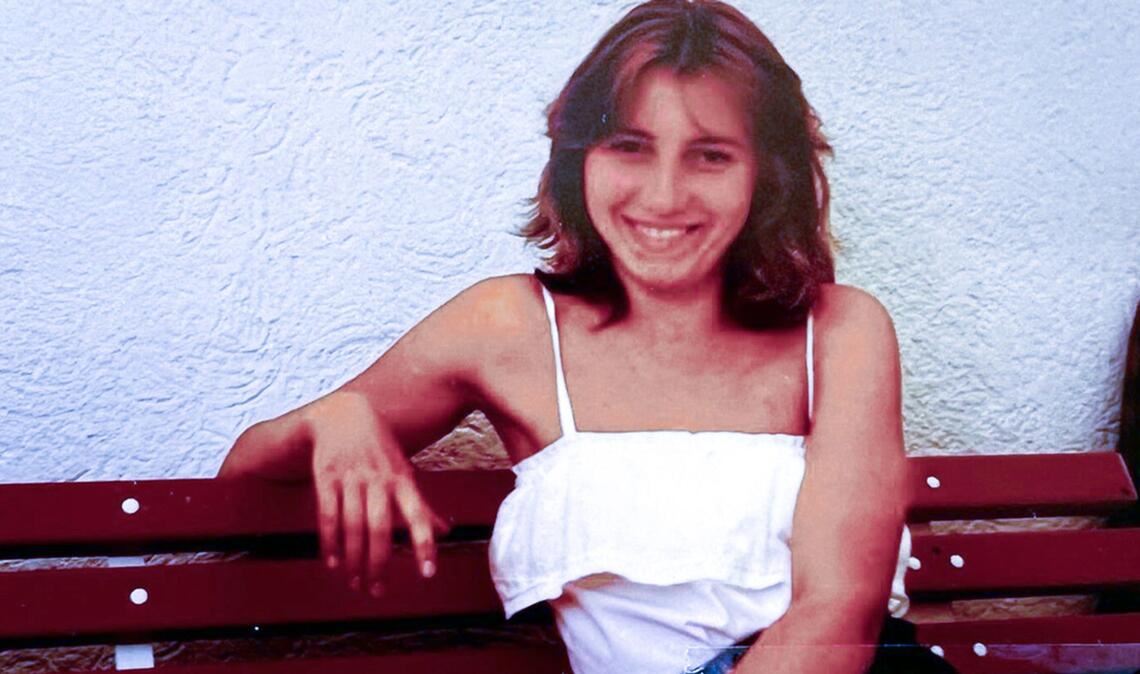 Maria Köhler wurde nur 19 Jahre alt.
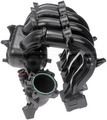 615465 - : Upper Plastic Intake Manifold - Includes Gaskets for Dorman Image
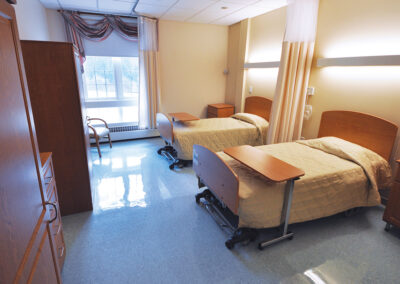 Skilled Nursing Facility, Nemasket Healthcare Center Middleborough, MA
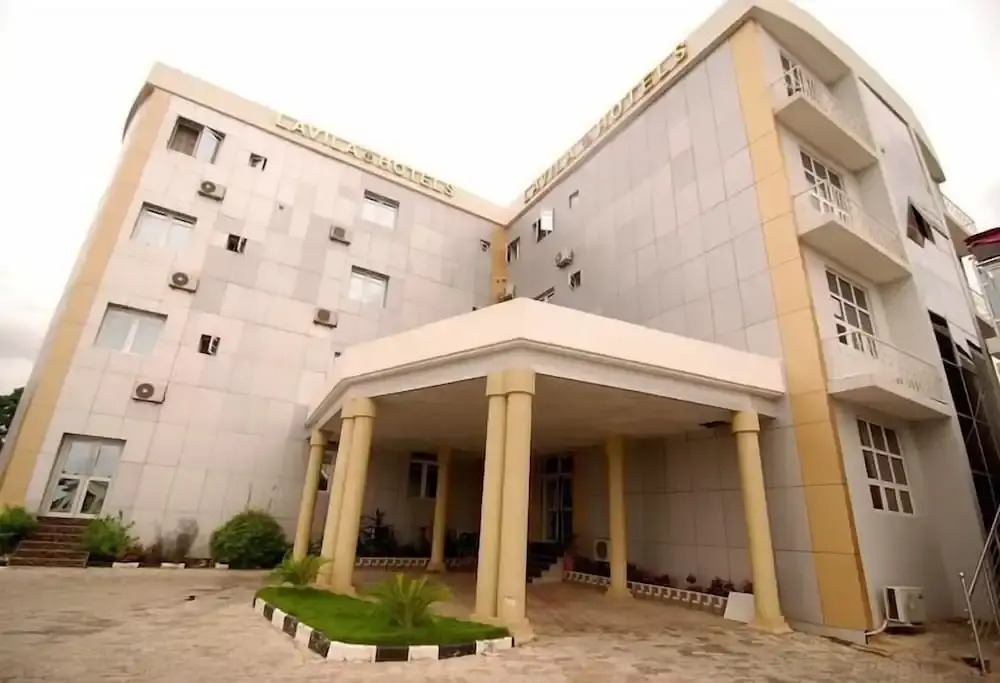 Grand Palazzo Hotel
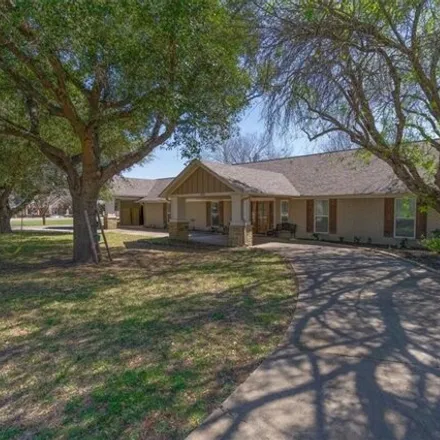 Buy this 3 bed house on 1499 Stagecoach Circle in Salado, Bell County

────────────────────

Work to complete
The whole listing must come back verbatim, with no pictures included.

Solution for this exercise
 Maria Köhler wurde nur 19 Jahre alt.
 615465 - : Upper Plastic Intake Manifold - Includes Gaskets for Dorman Image
 Skilled Nursing Facility, Nemasket Healthcare Center Middleborough, MA
 Grand Palazzo Hotel
 Buy this 3 bed house on 1499 Stagecoach Circle in Salado, Bell County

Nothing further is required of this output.